都市型戦闘訓練施設の建設着工の様子を住民とともに監視する赤嶺政賢衆院議員=27日、沖縄・金武町

 米軍が沖縄本島北部の米海兵隊キャンプ・ハンセン内での都市型戦闘訓練施設の建設着工を、二十五日に強行しました。沖縄駐留の米海兵隊がイラクに出撃するのと軌を一にして進む基地機能の強化にたいし、地元の金武(きん)町伊芸区をはじめ県民から強い怒りの声があがっています。田中一郎記者

 着工されたのは、二十五日午前七時三十分ごろ。

 伊芸区の池原政文区長が、建設現場に隣接する監視塔から双眼鏡で建設予定地の射撃場レンジ4をのぞくと、目に飛び込んできたのは、監視塔を双眼鏡で“監視”する米兵の姿。しばらくすると、建設用の車両が集結を始めました。

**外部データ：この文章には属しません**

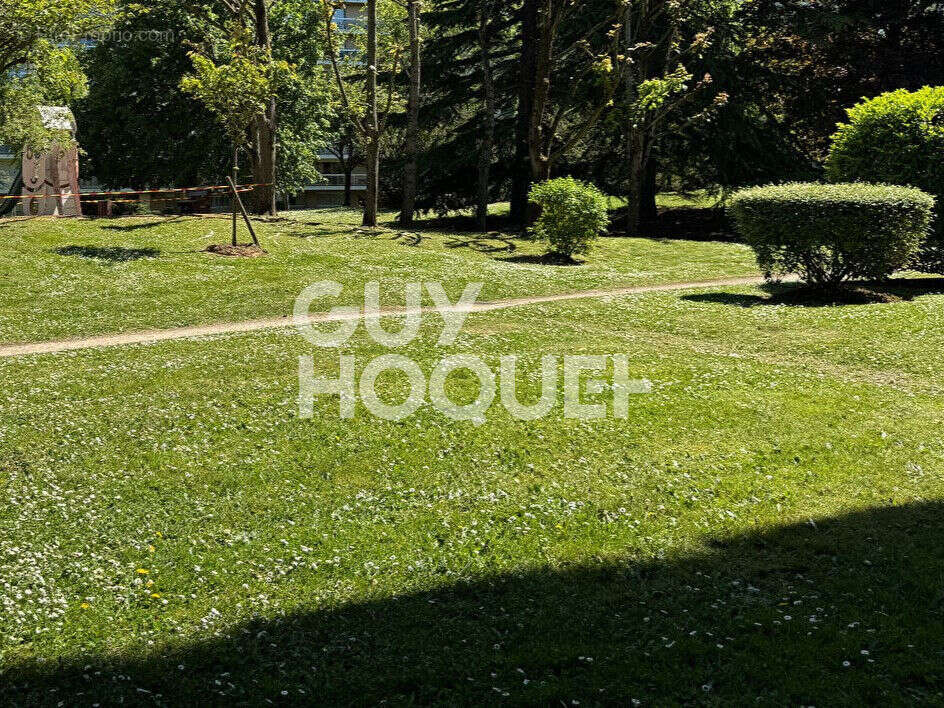 Appartement à MAISONS-ALFORT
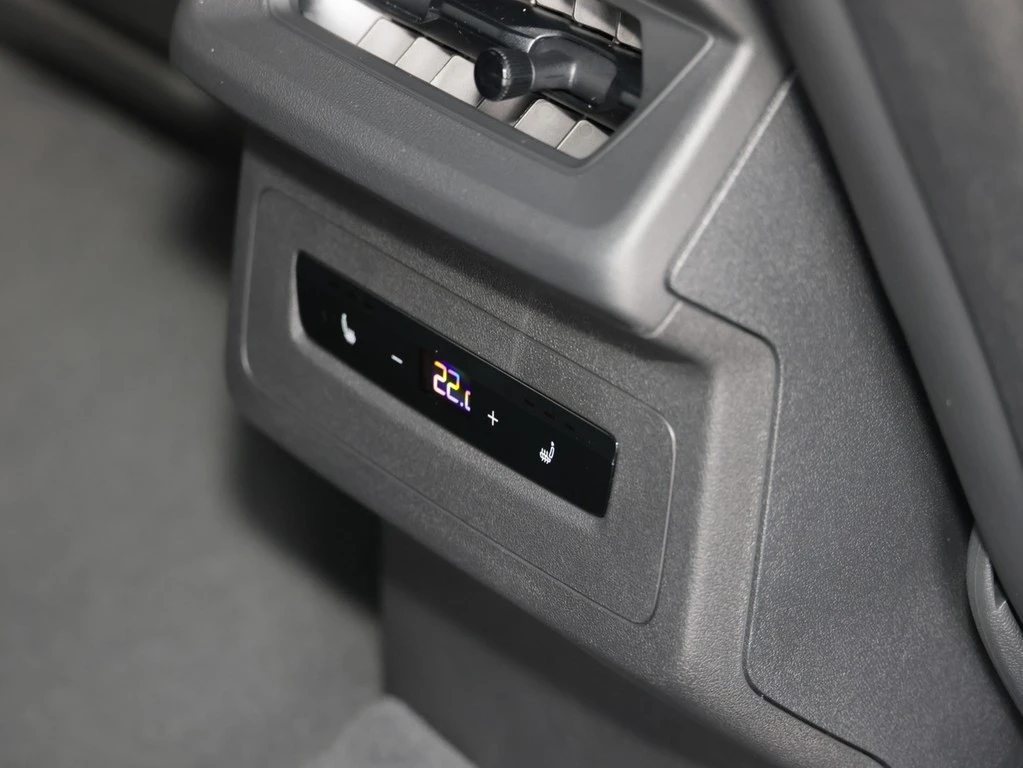Audi-S6 Avant e-tron-image-10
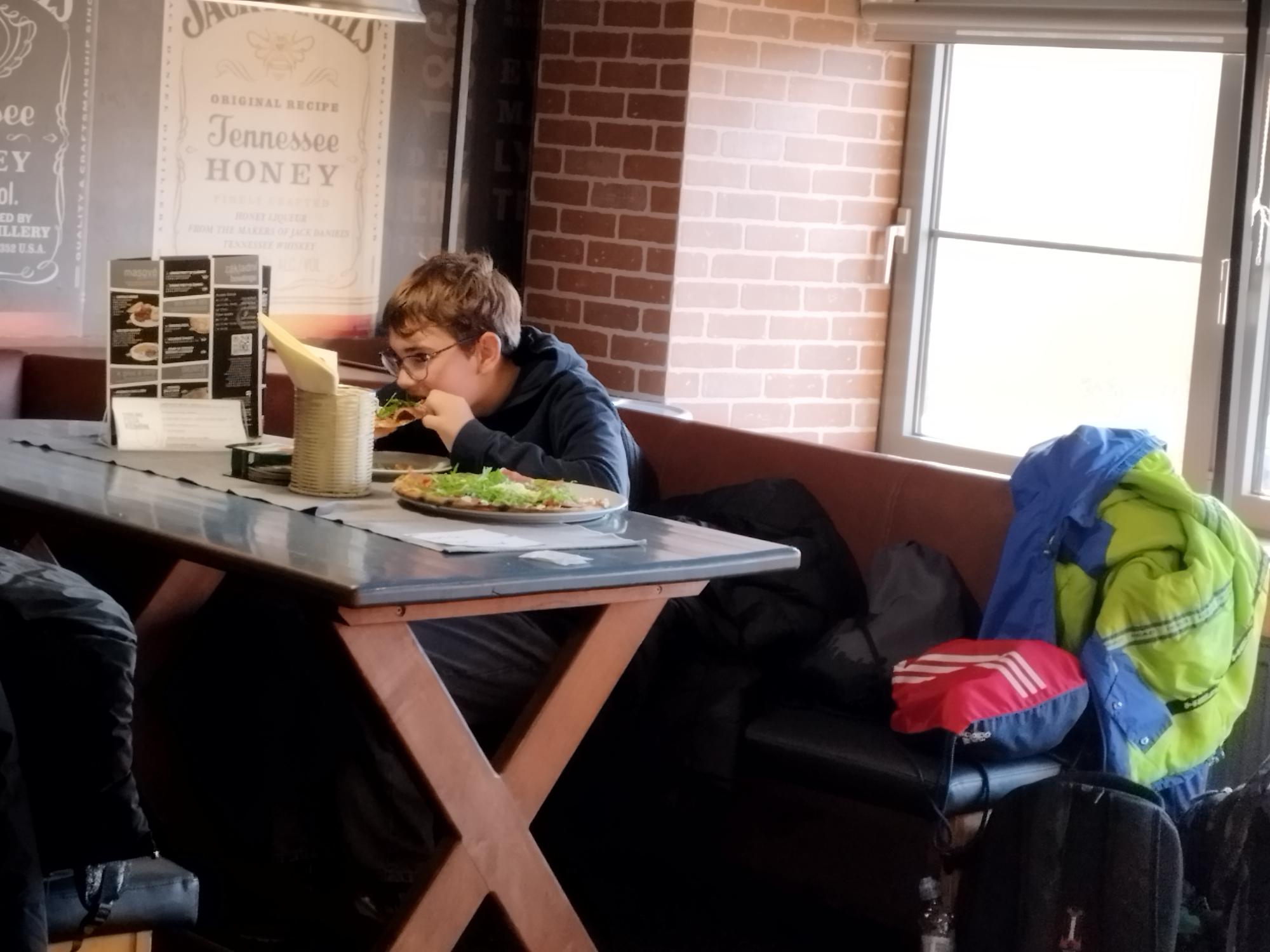 Další body se nám hromadí – turnaj tříd v bowlingu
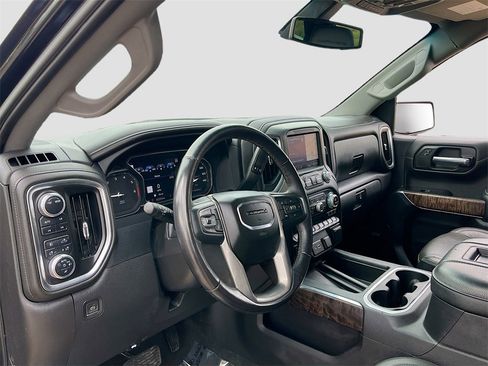 Used 2022 GMC Sierra 1500 Denali image 9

着工が始まった瞬間でした。

 池原区長は三月に設けた監視塔で毎朝、現場の監視を続けてきました。建設地点は、伊芸区の民間地域からわずか三百メートルしかありません。「これまで、日本政府、米軍に建設の中止を求めてきた。私たちの思いは通じないのか」と、怒りと悔しさをにじませます。

 五月二十日には、町民大会が開かれ、約六百人が集まりました。儀武剛町長が実行委員会会長となり、町議会、町教育委員会、町内の各行政区、老人クラブ、婦人会、青年団、子ども育成会、商工会、漁協、農協、PTAが実行委員会に加わりました。まさに町をあげての反対です。

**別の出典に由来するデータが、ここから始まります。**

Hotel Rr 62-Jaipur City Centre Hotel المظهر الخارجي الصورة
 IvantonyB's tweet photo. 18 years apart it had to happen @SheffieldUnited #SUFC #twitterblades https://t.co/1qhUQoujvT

 「金武町は、米軍基地に町土の約60%を接収され半世紀にわたって基地被害を被ってきた」

 町民大会が採択した決議の一節です。

 金武町では、七二年の祖国復帰後だけでも、砲弾破片が民家の屋根や児童公園などに落下(七八年)、民家屋上の水タンクに小銃弾が貫通(八五年)、銃弾が導水管を破損し二百二十八世帯の水圧が低下(八七年)、宅地に銃弾が撃ちこまれる(八八年)など米軍演習による被弾事件が頻発しています。

イラク出撃と軌を一に

無法な海外作戦能力を強化

 イラクに出撃した沖縄駐留の米海兵隊部隊は、沖縄にいる間、「都市環境での能力を高める接近戦訓練」(米海兵隊ホームページ)を重ねました。その後、イラク中部ファルージャで無差別殺りくの掃討作戦を展開、六百人をこえるイラク市民が殺されました。米海兵隊は、沖縄での訓練の「成果」と誇りました。都市型戦闘訓練施設の建設は、米軍によるイラク型の無法な海外作戦能力を強化する危険があるのです。

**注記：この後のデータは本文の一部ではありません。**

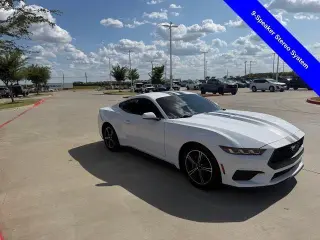 Ford Mustang 2024 EcoBoost 2 puertas Fastback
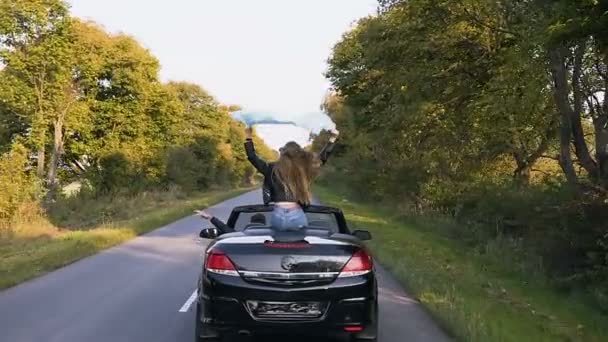 Young caucasian couple during riding in the cabriolet. — 비디오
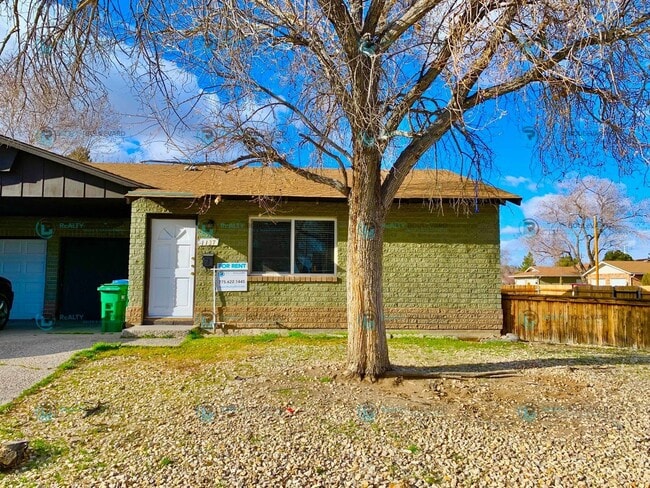 property at 1137 Arnold Dr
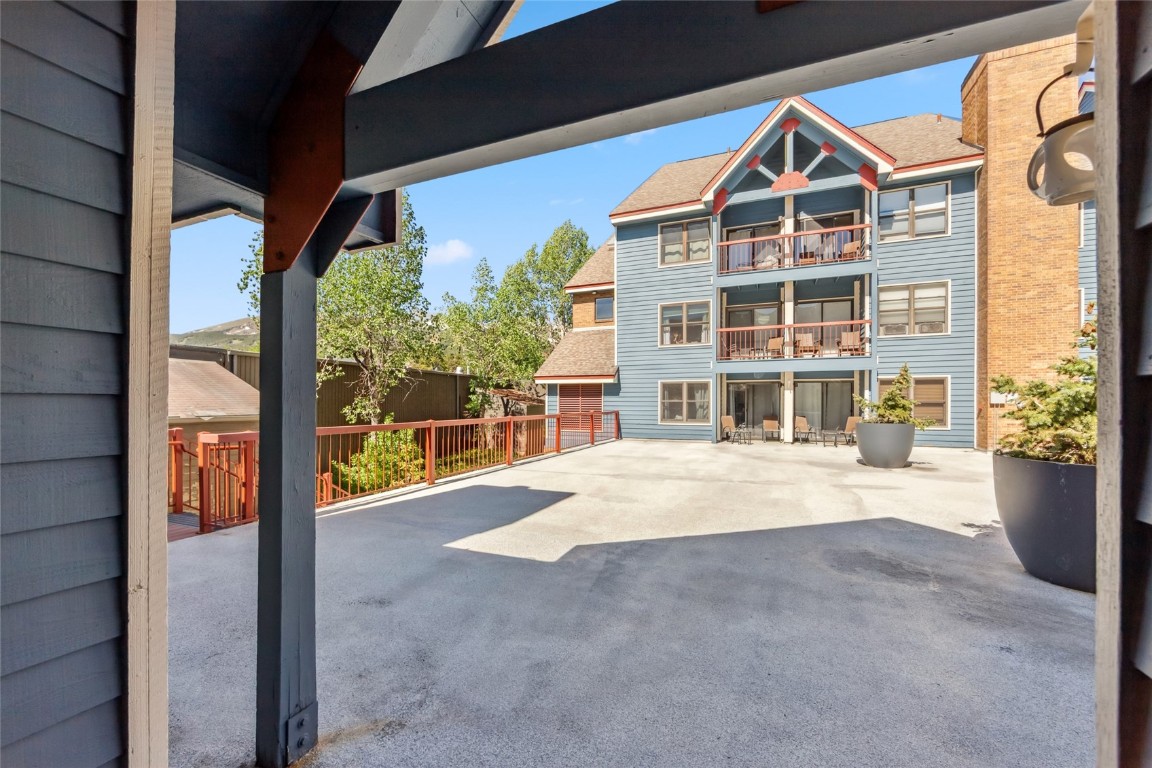 100 S Park AVENUE E202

 沖縄統一連の新垣繁信代表幹事は、「米軍が世界の人々を苦しめるための施設をつくることになり、世界的にあがっている米軍によるイラク占領への批判に挑戦するもの。日米安保条約が、いかに世界に向けた侵略のためであるかを示している」と怒ります。

 日本政府はこの米軍の施設建設を容認。事故の危険についても「(米軍は)地元の懸念にも一定の配慮をしている」(川口順子外相)と米軍を擁護しています。

 日本共産党の赤嶺政賢衆院議員(県委員長)は二十六日、衆院外務委員会で、建設中止を米側に求めるよう政府に要求。翌日には伊芸区を訪れ、「みなさんは基地被害から、みずからの命と暮らしを守るために監視塔もたて自己防衛している。本来、住民の命を守るのは政府の責任。日米両政府が恐れるのは住民の団結です。がんばりましょう」と激励しました。


 都市型戦闘訓練施設 外務省などの説明によると、▽扉のカギを破壊し、建物内に強行突入する訓練をするための「突破訓練施設」▽建物内の敵に対処するため小型武器による射撃訓練をするための「射撃用建物」▽ロープによる懸垂下降訓練や小型武器による射撃訓練をするための「訓練塔」などで構成。射撃では実弾を使用します。


建設強行許さない

儀武剛・金武町長の話

 二十六日に監視塔から現場をみたが、いまの気持ちは言葉になりません。私たちは、二十日に町民大会を開き、建設の中止を求めました。六月一日には上京して、政府、米側に中止を要請することも決めていました。その矢先での強行です。住民感情、住民の意思を無視するもので、許せません。

 現地にきてみればわかりますが、これだけ民間地に隣接しているところで、今度の施設は実弾演習をすることになります。外務省は「工事が円滑に進むことを期待している」といっているようですが、この現場を見ての発言なのか。すぐに建設はやめていただきたい。